RELENTLESS IV: ASHES TO ASHES — also known as ‘Relentless 4: The Redeemer’ — was released in America on the 14th of December 1994. And if Relentless I brought the grit, II the gusto, and 3 the horror, Relentless IV brings the sheen. Shepherded by music video man-cum-straight-to-video artiste Oley Sassone (he who was duped into wielding the megaphone on Roger Corman’s infamous shill production of The Fantastic Four the previous year), Relentless IV is a visual treat. Employing a near constantly moving camera to heighten the returning Mark Sevi’s already tightly wound story, it’s all elegant, sweeping compositions, deep shadows, Dutch angles, and peeper-popping filters. Relentless IV is an American giallo: a truth affirmed by the Argento-indebted elan with which Sassone stages the film’s white-knuckle bursts of violent slaughter.

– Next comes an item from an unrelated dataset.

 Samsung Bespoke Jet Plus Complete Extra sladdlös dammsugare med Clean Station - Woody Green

Supremely entertaining, Relentless IV has Dietz investigating a bevy of weird, ritualistic killings that are all connected to a slinky psychiatrist (Famke Janssen, just before her big break as the leggy villainess in Bond-buster Goldeneye (1995)). You can see how the dots connect a mile off, admittedly, but, as with the Sevi-scribbled Relentless II, Relentless IV is so dazzlingly executed and professionally played by its rock-solid cast that predictability doesn’t even factor. Besides, both Sassone and Sevi do throw several richly shaded and surprising flutters of wild imagination into the mix. Dietz’s Twin Peaks-y out of body experience might be a bit of a shark jump, but it’s a powerful, beautifully pitched moment that feeds into Relentless IV’s themes of spirituality, grief, and redemption (Dietz’s estranged wife has passed away, leaving their teenage son in his not-entirely-responsible care).

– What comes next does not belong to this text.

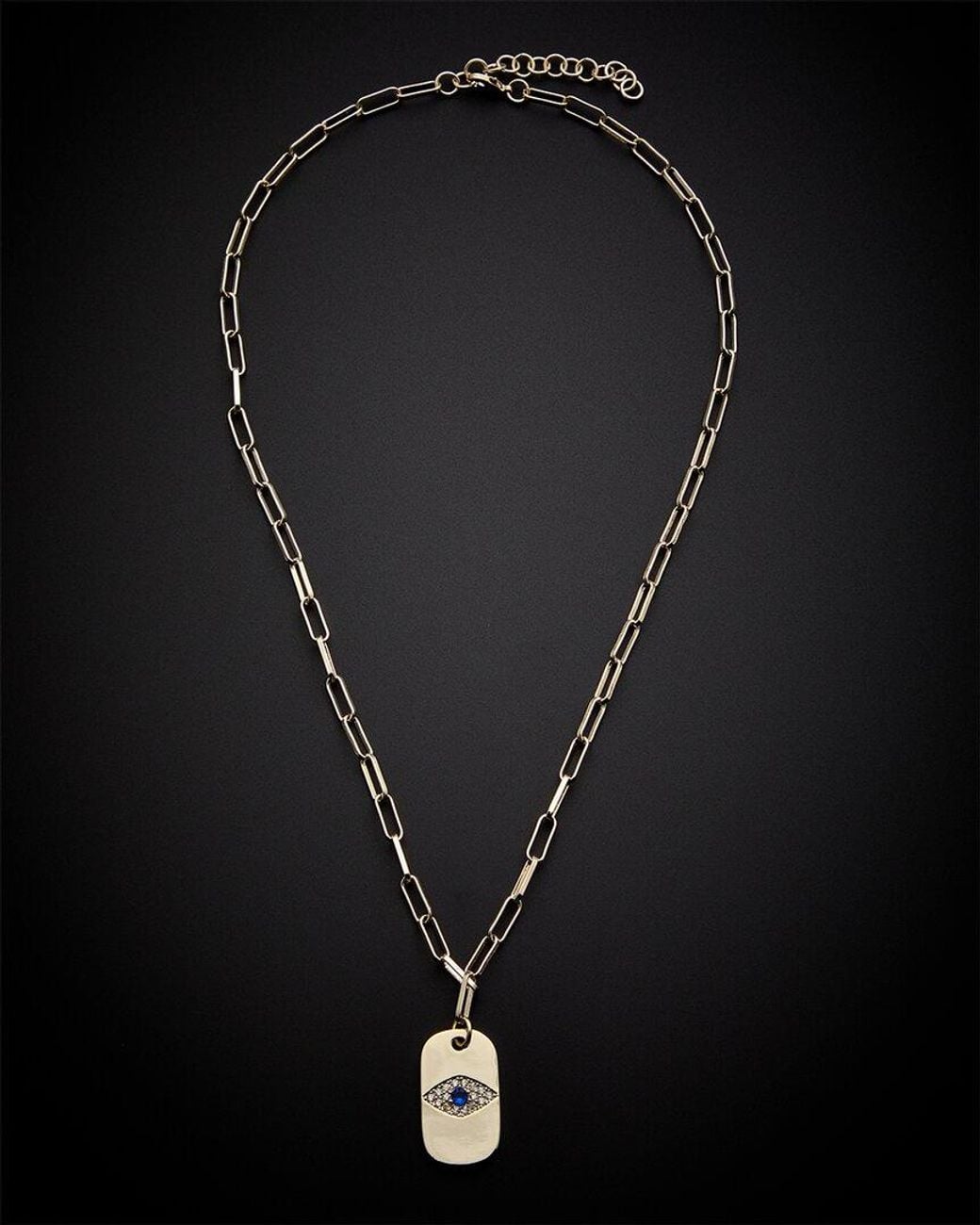 Juvell Black 18k Plated Cz Evil Eye Necklace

The final chapter in the series, Relentless IV’s disappointing VHS sales put paid to the franchise — a damn shame as it’s obvious Rossi had at least another one in him, and it would have been fascinating to see what he and CineTel would have done with the saga in Se7en’s (1995) wake, when these kind of slick, shelf-filling, killer-thriller potboilers became video trend du jour.